Chevron Reports Minor Slick From Leak in Campos Basin, Offshore Brazil
Chevron and Brazilian regulators reported that a small, fresh oil slick has appeared near the site of Chevron’s blowout last November in the deepwater Frade oil field in Brazil’s prolific Campos Basin. This is not entirely unexpected given the nature of the problem that Chevron had with the well being drilled by the SEDCO 706 rig: an unknown amount of oil escaped laterally from the well into surrounding bedrock, and worked its way up to the seafloor along a pre-existing natural fault. It will take some time for all of that oil to emerge, so we’ve been anticipating chronic small oil slicks at this location.
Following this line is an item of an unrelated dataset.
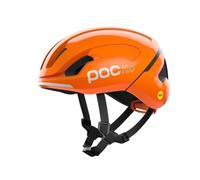 POC POCito Omne MIPS Casco de Bicicleta- El Casco de Ciclismo para niños está diseñado para Ayudar a los Ciclistas más jóvenes a desarrollar Sus Habilidades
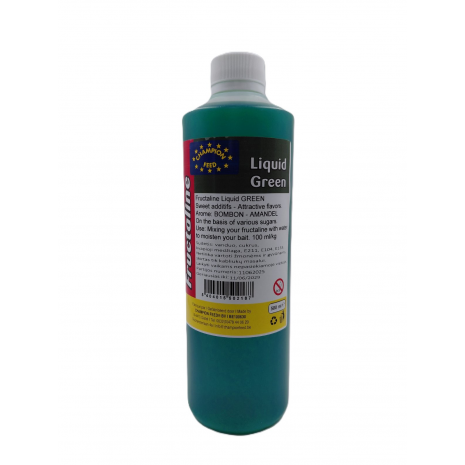 Champion Feed Fructaline Green 500ml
But optical satellite imagery of this area (MODIS and MERIS) have had problems with clouds and haze for the past few days, so we haven’t seen any sign of the latest slick. Radar images don’t have that problem, but the most recent radar image we have was taken at about 9pm local time on March 9, and it looks clean around the SEDCO 706 site:
We do see a small slick on this image, though, about 80 km south-southwest of the Chevron leak site. It is quite small, covering about 2 square kilometers, and appears to be associated with Petrobras P38, an FPSO in the Marlim Sul field that recently began handling new production from platform P56:
This appears to be a very small spill — at 1 micron thick it would only amount to 528 gallons — but recent spills off Nigeria and affecting the beach at Tramandai in Brazil, should put FPSOs on everyone’s radar here in the US.